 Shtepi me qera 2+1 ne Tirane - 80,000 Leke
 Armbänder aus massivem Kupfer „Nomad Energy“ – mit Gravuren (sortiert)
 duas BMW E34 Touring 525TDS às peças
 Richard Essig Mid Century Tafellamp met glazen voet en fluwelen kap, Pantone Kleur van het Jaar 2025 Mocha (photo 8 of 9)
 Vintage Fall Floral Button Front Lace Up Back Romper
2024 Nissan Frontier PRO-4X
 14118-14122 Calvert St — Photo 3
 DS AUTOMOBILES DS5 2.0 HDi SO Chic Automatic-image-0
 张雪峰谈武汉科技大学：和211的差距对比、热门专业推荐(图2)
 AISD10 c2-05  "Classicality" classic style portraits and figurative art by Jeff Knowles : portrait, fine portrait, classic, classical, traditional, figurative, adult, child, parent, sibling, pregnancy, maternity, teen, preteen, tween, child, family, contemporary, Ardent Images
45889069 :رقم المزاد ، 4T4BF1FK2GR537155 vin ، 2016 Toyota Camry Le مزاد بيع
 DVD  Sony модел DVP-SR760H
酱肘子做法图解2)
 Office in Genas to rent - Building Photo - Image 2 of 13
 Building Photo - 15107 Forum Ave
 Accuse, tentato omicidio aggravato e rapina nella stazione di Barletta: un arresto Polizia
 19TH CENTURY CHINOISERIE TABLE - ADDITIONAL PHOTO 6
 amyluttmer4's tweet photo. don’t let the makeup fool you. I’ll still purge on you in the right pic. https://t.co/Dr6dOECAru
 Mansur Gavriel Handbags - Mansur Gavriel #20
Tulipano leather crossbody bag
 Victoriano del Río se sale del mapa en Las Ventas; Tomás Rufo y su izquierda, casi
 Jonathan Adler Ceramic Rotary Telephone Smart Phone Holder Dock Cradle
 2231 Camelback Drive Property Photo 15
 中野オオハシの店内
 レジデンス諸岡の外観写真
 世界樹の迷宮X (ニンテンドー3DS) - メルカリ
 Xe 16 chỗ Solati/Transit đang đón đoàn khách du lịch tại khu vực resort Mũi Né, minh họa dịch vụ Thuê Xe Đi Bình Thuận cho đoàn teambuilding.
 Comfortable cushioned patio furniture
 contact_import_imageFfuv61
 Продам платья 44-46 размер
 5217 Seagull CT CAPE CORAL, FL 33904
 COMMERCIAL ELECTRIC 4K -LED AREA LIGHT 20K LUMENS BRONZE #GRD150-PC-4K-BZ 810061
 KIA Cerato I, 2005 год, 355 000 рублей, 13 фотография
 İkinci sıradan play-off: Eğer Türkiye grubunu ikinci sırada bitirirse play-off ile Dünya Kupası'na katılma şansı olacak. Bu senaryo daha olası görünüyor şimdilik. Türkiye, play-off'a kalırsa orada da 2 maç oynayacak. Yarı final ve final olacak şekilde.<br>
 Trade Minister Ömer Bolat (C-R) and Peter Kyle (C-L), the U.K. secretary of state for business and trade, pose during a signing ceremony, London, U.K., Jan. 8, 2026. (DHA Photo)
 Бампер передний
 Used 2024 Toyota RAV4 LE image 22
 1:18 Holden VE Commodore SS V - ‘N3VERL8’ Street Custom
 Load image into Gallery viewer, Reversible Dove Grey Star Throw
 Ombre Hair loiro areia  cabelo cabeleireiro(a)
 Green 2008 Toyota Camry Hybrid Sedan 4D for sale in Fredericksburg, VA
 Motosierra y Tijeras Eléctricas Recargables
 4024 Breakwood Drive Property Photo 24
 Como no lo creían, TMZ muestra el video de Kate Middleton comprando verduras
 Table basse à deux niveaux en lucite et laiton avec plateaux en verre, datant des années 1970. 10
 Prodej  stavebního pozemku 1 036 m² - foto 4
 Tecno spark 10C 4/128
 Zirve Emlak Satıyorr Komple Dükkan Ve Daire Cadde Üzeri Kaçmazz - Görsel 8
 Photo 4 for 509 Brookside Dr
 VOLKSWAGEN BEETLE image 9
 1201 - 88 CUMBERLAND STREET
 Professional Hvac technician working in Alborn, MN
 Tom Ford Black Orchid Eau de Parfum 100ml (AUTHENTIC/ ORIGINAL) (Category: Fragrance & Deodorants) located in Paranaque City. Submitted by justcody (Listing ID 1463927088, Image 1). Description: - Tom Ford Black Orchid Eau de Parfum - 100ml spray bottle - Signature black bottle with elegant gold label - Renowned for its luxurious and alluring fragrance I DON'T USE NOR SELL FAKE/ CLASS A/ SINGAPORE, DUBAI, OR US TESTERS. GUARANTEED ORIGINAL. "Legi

INSTRUCTIONS TO FOLLOW
Taking the line with "Motosierra y Tijeras Eléctricas Recargables" as the first, copy every line through the end of the entries above exactly, with no others.

RESULT
 Motosierra y Tijeras Eléctricas Recargables
 4024 Breakwood Drive Property Photo 24
 Como no lo creían, TMZ muestra el video de Kate Middleton comprando verduras
 Table basse à deux niveaux en lucite et laiton avec plateaux en verre, datant des années 1970. 10
 Prodej  stavebního pozemku 1 036 m² - foto 4
 Tecno spark 10C 4/128
 Zirve Emlak Satıyorr Komple Dükkan Ve Daire Cadde Üzeri Kaçmazz - Görsel 8
 Photo 4 for 509 Brookside Dr
 VOLKSWAGEN BEETLE image 9
 1201 - 88 CUMBERLAND STREET
 Professional Hvac technician working in Alborn, MN
 Tom Ford Black Orchid Eau de Parfum 100ml (AUTHENTIC/ ORIGINAL) (Category: Fragrance & Deodorants) located in Paranaque City. Submitted by justcody (Listing ID 1463927088, Image 1). Description: - Tom Ford Black Orchid Eau de Parfum - 100ml spray bottle - Signature black bottle with elegant gold label - Renowned for its luxurious and alluring fragrance I DON'T USE NOR SELL FAKE/ CLASS A/ SINGAPORE, DUBAI, OR US TESTERS. GUARANTEED ORIGINAL. "Legi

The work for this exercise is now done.